Crier joined YA|YA at its inception more than 20 years ago, when he was 14. Much of YA|YA’s work has involved furniture design, and, more recently, textiles. YA|YA was commissioned by Swatch Watches, and Crier did two Swatch designs.
In 1988, New Orleans artist Jana Napoli collaborated with Rabouin High School students for a public art project that involved painting business buildings in the school’s neighborhood. From this successful collaboration YA|YA emerged. The YA|YA dynamic combines youth vision with artistic mentoring. In his role as executive director, Crier embodies this dynamic, being an alumnus of the program.
Recently, the Patten Performance Series brought Waiting for Godot to UTC, in a production by the Classical Theatre of Harlem. Paul Chan, a multi-media artist from New York, was inspired by a field in the Lower Ninth Ward, which suggested “Godot” to him. My understanding is that Paul Chan invited the Classical Theatre of Harlem to New Orleans, and from this, the company’s vision of Waiting for Godot developed. Crier fabricated a bike, a tree and a cart/basket as set pieces, based on Paul Chan’s drawings. Chan also distributed street signs based on this play’s text all over New Orleans’ neighborhoods.

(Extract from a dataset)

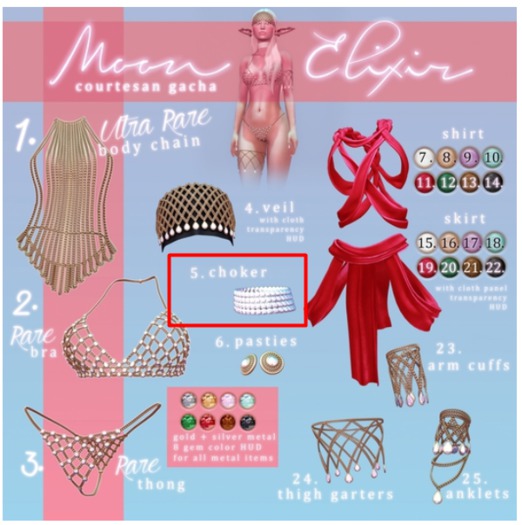 Moon Elixir - Courtesan - 5 - Maitreya - Choker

Rondell Crier has also worked on art projects that attempted to document the devastation of Katrina. He took more than 500 photographs of the debris, and mounted a video camera on his car in order to produce “On the Streets,” an installation in which vast remnants of objects left behind tried to encompass the enormous loss left in Katrina’s wake.
Crier also collaborated with Jana Napoli in the production of “Floodwall.” Napoli collected drawers full of objects left behind by the storm and Crier documented these drawers into a digital, interactive installation and database. Oral recollections from owners of the drawers also were integrated into the project.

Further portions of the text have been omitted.